A TikTok musician has rewritten the lyrics to Robin Thicke’s controversial song Blurred Lines to make it about seeking consent in sexual encounters.
The song, co-created with Pharrell and T.I., has been lambasted for its misogynistic tone.
The music video shows women, including Emily Ratajkowski, prancing around wearing nothing but thongs as the fully dressed singer ogle them and whisper ‘I know you want it’ in their ears, sparking a global debate over whether it undermined consensual sex.

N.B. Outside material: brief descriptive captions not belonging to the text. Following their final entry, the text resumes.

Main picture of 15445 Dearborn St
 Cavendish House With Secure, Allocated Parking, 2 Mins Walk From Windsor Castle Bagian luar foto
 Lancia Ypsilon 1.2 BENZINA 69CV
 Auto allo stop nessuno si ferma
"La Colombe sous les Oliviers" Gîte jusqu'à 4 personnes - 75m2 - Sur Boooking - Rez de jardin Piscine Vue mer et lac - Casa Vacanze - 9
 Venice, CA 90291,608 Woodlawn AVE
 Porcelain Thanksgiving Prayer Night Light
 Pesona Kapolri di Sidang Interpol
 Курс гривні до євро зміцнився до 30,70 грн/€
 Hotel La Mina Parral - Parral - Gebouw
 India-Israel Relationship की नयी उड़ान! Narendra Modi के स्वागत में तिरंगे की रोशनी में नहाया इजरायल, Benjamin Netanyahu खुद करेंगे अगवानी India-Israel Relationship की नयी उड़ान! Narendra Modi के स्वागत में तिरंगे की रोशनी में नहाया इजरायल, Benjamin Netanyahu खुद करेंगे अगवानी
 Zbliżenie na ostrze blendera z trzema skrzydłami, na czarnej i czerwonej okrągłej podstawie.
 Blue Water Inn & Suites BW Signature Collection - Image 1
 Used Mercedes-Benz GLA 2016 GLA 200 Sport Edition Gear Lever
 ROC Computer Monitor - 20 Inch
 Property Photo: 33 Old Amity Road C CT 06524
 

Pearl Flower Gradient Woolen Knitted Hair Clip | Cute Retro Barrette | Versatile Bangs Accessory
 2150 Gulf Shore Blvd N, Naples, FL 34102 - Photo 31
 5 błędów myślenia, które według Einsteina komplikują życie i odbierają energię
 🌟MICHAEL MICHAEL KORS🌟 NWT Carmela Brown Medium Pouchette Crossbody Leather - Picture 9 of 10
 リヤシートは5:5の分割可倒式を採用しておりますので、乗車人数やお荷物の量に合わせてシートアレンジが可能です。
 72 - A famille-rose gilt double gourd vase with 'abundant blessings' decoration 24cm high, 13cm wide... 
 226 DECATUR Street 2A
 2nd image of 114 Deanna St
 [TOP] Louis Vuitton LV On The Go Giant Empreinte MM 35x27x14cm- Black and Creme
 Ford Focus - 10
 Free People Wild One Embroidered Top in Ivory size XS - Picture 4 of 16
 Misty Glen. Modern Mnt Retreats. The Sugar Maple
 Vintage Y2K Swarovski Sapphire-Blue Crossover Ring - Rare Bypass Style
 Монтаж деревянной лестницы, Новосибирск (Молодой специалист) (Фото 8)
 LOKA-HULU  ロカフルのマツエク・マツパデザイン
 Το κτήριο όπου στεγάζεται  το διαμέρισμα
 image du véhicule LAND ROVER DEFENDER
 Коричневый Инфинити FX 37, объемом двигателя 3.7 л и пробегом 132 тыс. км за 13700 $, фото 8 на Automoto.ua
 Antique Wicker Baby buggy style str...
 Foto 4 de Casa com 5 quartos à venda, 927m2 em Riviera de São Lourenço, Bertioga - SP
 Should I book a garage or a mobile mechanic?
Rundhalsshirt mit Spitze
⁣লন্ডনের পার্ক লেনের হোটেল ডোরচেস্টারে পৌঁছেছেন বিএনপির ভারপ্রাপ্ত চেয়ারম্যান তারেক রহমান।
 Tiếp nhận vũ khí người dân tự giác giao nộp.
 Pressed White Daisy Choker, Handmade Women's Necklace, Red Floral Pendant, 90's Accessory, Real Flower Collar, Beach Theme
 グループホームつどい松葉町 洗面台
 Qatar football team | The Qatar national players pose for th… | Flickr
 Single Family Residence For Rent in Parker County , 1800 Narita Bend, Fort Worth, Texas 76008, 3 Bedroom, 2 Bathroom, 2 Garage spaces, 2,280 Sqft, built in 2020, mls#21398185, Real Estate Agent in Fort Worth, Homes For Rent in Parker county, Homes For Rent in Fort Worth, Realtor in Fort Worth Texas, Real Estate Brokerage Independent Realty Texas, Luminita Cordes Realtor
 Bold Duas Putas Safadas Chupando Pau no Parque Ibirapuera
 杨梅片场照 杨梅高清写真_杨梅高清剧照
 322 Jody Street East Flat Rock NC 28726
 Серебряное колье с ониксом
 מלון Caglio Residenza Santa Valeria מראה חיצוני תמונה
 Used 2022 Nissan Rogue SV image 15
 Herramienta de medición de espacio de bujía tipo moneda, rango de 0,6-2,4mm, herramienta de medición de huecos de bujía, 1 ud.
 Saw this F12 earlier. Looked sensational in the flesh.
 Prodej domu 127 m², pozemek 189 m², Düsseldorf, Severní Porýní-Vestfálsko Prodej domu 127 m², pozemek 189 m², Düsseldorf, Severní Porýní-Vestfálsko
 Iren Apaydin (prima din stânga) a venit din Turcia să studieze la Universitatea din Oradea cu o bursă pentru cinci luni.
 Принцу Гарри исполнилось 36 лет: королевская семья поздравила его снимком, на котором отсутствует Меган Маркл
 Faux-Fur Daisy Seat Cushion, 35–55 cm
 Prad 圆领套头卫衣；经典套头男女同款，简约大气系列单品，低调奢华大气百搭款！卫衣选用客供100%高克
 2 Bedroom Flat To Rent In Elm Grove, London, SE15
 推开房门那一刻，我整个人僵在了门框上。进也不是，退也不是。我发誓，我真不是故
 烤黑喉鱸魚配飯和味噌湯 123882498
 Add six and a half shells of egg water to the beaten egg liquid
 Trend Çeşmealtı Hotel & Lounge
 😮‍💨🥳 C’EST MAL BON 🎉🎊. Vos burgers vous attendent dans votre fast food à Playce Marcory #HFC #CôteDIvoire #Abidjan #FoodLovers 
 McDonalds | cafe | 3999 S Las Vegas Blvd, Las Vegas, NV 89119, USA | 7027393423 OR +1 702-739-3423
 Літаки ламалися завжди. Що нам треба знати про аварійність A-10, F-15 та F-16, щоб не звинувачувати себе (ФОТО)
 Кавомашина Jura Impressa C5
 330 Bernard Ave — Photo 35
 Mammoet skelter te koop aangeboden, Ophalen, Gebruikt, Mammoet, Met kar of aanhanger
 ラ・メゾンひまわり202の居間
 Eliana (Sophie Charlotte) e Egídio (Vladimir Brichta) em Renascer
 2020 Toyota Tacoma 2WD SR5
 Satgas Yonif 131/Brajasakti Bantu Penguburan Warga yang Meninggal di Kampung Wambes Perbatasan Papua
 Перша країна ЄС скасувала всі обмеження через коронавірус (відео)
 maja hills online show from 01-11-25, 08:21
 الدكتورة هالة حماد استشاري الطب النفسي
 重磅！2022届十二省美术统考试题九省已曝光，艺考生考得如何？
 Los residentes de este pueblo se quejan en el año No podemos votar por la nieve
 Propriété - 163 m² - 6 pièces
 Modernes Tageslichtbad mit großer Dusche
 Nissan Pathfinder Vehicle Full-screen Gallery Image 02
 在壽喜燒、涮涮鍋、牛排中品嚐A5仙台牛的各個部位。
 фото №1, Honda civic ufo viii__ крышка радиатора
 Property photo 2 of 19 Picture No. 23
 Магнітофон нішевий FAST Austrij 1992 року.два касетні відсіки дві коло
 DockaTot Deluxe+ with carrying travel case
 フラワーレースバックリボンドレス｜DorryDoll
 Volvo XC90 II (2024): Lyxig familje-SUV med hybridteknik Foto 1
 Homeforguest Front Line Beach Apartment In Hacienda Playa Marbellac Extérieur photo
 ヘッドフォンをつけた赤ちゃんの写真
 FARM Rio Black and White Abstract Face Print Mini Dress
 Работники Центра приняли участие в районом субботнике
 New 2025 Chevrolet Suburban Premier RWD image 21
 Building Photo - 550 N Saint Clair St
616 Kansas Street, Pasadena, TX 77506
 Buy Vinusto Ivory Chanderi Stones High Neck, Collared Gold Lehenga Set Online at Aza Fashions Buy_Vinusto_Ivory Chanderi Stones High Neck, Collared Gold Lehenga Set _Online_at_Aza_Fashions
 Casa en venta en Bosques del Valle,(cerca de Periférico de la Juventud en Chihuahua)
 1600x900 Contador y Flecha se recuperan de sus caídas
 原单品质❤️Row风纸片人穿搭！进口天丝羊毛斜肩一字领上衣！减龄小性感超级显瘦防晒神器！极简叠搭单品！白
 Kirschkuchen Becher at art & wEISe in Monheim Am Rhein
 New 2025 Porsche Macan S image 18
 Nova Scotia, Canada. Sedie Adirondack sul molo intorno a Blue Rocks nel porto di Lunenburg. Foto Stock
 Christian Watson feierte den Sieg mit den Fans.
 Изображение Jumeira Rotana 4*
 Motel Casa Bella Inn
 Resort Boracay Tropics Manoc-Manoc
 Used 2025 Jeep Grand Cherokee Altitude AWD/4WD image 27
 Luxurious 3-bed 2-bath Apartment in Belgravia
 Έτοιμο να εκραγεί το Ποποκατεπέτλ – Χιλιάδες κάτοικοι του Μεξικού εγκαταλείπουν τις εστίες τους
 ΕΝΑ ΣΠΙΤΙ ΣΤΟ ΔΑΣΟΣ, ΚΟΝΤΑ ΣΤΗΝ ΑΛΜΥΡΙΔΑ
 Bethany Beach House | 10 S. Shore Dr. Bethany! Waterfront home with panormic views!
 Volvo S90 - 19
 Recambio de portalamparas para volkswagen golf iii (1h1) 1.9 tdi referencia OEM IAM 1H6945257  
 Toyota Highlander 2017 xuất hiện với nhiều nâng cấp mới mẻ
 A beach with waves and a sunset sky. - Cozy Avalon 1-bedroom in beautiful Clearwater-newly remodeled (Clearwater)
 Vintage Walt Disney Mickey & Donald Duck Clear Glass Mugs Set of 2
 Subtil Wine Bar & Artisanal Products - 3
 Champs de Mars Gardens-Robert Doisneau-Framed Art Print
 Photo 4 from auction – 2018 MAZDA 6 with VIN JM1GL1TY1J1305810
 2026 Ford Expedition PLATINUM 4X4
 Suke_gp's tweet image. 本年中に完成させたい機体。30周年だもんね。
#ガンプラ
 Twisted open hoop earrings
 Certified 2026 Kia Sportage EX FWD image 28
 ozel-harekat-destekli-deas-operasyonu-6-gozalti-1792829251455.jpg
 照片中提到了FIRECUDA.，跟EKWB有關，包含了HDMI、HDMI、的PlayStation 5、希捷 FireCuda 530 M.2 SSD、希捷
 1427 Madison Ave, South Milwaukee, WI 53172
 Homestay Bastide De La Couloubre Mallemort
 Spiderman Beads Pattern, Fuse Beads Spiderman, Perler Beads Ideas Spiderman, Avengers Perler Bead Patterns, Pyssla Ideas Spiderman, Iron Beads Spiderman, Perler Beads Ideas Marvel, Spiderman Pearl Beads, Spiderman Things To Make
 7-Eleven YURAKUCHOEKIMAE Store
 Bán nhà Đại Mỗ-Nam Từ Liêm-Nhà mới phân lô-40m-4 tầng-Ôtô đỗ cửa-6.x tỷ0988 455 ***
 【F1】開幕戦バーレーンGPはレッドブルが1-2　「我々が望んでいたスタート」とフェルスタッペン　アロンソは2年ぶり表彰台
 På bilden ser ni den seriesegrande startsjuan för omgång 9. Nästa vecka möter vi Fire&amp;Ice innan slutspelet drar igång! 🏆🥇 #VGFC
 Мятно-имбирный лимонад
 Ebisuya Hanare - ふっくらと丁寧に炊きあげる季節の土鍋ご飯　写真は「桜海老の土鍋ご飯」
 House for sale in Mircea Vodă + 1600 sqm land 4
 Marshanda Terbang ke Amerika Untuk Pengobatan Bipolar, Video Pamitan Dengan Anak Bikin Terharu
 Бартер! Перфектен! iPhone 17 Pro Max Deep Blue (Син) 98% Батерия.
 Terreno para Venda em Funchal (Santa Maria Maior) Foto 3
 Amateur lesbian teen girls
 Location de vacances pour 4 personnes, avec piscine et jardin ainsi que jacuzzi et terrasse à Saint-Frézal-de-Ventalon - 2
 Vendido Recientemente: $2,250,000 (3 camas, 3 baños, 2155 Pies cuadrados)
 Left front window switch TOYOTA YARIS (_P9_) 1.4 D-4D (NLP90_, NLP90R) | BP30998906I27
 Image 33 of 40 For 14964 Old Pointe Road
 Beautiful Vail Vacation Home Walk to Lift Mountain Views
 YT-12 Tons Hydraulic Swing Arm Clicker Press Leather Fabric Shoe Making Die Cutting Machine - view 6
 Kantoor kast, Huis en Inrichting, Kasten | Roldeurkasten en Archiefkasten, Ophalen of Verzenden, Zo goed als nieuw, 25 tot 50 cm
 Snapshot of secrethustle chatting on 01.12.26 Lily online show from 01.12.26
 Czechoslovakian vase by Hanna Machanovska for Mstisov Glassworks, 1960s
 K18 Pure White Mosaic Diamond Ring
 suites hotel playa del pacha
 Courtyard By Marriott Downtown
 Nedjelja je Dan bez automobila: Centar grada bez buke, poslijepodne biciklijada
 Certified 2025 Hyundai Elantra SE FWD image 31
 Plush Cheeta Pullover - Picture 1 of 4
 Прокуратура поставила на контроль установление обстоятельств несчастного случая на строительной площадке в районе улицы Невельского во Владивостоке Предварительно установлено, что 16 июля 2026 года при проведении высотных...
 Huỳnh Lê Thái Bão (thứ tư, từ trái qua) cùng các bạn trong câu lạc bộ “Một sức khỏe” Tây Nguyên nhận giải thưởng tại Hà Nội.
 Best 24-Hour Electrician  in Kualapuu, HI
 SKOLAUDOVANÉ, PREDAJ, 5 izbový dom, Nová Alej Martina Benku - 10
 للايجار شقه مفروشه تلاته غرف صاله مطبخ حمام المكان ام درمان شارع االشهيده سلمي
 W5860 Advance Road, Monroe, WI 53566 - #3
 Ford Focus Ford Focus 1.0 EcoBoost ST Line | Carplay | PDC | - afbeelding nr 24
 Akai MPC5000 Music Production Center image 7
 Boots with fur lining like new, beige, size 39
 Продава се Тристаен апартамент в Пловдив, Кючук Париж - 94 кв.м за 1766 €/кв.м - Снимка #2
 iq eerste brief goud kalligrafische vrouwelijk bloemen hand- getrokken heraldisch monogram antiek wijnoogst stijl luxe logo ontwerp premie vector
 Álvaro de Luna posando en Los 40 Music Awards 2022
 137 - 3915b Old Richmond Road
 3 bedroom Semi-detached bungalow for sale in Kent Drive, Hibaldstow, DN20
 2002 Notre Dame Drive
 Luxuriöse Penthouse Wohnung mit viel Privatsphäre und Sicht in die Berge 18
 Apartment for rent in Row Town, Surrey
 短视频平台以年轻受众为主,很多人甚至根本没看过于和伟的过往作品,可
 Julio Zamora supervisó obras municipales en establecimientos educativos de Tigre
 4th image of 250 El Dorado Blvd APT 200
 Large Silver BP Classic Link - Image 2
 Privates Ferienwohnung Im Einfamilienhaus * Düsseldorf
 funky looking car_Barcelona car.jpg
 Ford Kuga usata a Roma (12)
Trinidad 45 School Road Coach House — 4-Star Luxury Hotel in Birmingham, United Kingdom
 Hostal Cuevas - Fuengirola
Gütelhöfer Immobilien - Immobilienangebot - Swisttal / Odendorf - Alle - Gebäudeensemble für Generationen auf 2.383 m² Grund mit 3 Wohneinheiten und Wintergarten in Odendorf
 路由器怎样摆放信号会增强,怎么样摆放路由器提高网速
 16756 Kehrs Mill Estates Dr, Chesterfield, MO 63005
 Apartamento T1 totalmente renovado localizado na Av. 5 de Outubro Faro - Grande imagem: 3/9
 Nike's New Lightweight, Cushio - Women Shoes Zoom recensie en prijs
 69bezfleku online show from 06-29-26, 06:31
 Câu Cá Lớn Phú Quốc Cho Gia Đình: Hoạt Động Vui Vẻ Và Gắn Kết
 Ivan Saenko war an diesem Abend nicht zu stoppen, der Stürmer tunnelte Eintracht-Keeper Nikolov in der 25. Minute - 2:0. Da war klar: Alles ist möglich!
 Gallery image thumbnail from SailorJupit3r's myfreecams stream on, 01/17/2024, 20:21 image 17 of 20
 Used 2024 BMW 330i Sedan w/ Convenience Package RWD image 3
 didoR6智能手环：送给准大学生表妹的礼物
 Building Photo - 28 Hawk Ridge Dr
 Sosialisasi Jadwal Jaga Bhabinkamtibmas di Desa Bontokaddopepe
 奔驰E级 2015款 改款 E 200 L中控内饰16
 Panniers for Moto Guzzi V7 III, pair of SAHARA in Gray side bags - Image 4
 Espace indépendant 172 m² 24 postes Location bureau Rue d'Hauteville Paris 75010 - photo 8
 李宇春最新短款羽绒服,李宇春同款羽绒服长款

In addition, silver balloons spell out ‘Robin Thicke has a big d***’ and verse three of the song’s lyrics are: ‘I’ll give you something big enough to tear your a** in two.’
The song returned to headlines earlier this year when Emily Ratajkowski alleged that Robin Thicke groped her on the set of the music video in her biography, My Body and admitted she felt ‘uncomfortable’ filming.
Now, eight years after the song was released, Toronto-based TikTok user Devon Cole, 23, has rewritten the song from the perspective of a woman explaining the rules of consent to a man harassing her.
Toronto-based artist Devon Cole, who has more than 146,600 followers on TikTok, has rewritten 2013’s Blurred Lines by Robin Thicke from the perspective of a woman explaining the rules of consent to a man harassing her
Devon changed the lyrics of the song to explain what consent is, singing ‘Just cause’ I dress flashy don’t mean you can grab be’ and ‘If I don’t want it, then I don’t want it, and I don’t want it’
The 2013 song Blurred Lines got a mixed reception when it was released, but still topped the Billboard Hot 100 chart. Pictured: Robin Thicke and model Emily Ratajkowski in the video
The original lyrics to Blurred Lines…
If you can’t hear what I’m trying to say (hey girl, come here)/ If you can’t read from the same page (hey)/ Maybe I’m going deaf (hey, hey, hey)/ Maybe I’m going blind (hey, hey, hey)/ Maybe I’m out of my mind, mind (hey, hey, hey)
Okay, now he was close/ Tried to domesticate you/ But you’re an animal/ Baby, it’s in your nature (meow)/ Just let me liberate you (hey, hey, hey)/ You don’t need no takers (hey, hey, hey)/ That man is not your maker (hey, hey, hey)
And that’s why I’m gon’ take a good girl (everybody get up)/ I know you want it (hey)/ I know you want it/ I know you want it/ You’re a good girl (hey, hey)/ Can’t let it get past me (oh yeah)/ You’re far from plastic (alright)/ Talkin’ ’bout getting blasted
What do they make dreams for/ When you got them jeans on? (Why?)/ What do we need steam for?/ You the hottest b**** in this place/ I feel so lucky (hey, hey, hey)/ You wanna hug me (hey, hey, hey)/ What rhymes with hug me? (Hey, hey, hey)/ Hey (everybody get up)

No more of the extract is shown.